Subediting news reports

Journalist training school background:
Subeditors play an important role in news publishing. Without them, reports could be boring and confusing, or full of mistakes and things that aren’t true!

NewsWise values

This lesson focuses on the NewsWise values: truthful and interesting.

Learning objectives

  • To edit and redraft a news report.

Learning outcomes

  • Proofread a news report for spelling, grammar and punctuation errors.

  • Identify whether the first paragraph of a news report includes all of the key information.

  • Redraft a news report, making changes to improve the effectiveness of writing.

Starter/baseline assessment

  • Peer subediting: in role as subeditors, pupils read through each other’s reports to find any mistakes, using the Subediting checklist. They must highlight anything they notice then give feedback to each other.

Learning activity

  • Nose the story: pupils read out their first paragraphs to each other. Do they tell the reader all the key information they need to know? Do they contain each of the 5 Ws? Do they mention the most interesting thing first (eg ‘On Monday 11 June …’ is not the most interesting thing!)? Does it make the reader want to find out more?

  • Challenge: Make your writing more concise. Pupils must check their own writing for redundant words (see Redundant words for an example resource), as well as places where they have repeated the same word or information several times.

  • Pupils type or write a final draft of their news reports, including all subediting suggestions (without ‘page furniture’).


  • Pupils share examples of their subediting. Who found at least one mistake in the work they were subediting? How has your writing improved now that it has been subedited? Why is subediting an important process of writing news stories?

Questions for assessment

  • What needs to be checked in a report? 

  • What could happen if a news report:

    Doesn’t have the key information in the first paragraph? 

    Gets the facts wrong?

    Makes a large number of spelling mistakes?

    Doesn’t make sense?

Core knowledge and skills

  • If a news organisation publishes false information, they can get into a lot of trouble and readers could stop trusting them.

  • If a report has a high number of mistakes, people are less likely to believe or trust what it says. 

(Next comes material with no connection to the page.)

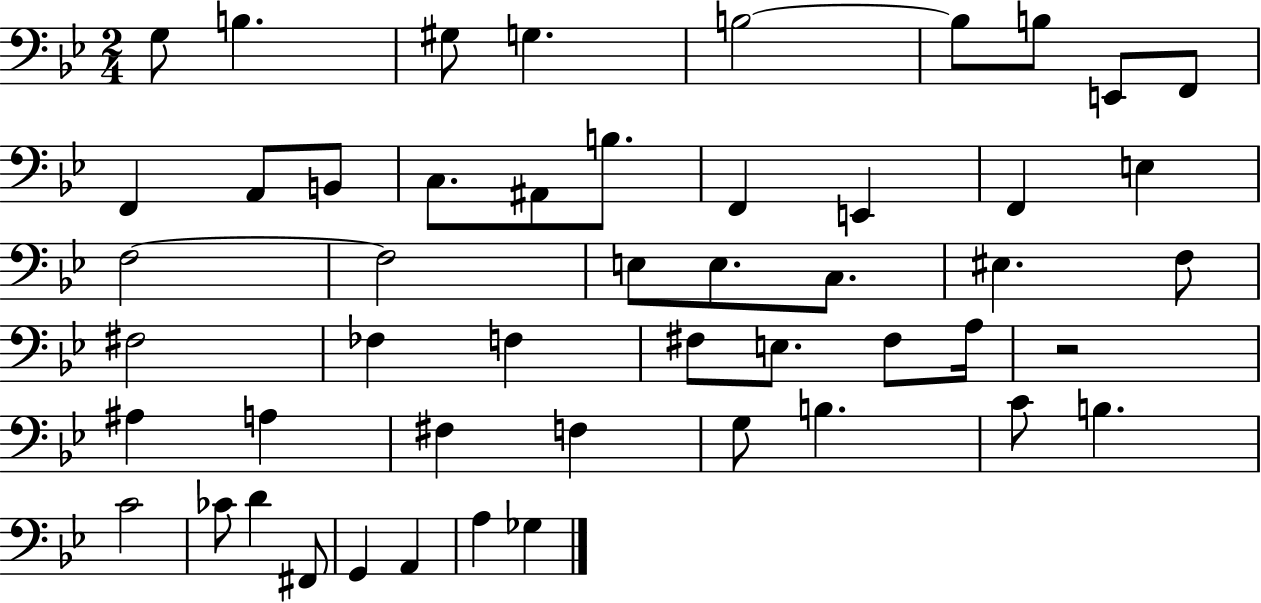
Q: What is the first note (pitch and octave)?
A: G3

  • Subeditors proofread a reporter’s writing. They check... 

    • the facts. Everything in the news report must be true.

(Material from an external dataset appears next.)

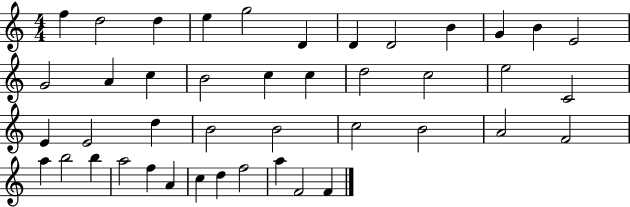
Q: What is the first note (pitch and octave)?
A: F5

    • the first paragraph. It must contain the 5 Ws and make people want to read the story. This is called ‘nosing the story’.

    • for spelling, punctuation and grammar mistakes.

    • for repetition and redundant words.


Curriculum links

Reviewing and editing writing

  • Assessing the effectiveness of writing; proof-reading; proposing changes to improve writing     

Finished NewsWise?

If you are finishing the NewsWise project here, we invite you to discuss with your class what they learned and enjoyed about the project. Please complete this short survey, telling us about your and your pupils' experiences of the project.

Not finished yet? Keep going to the next lesson! You'll find the survey in the plenary of lesson 15.

Thank you!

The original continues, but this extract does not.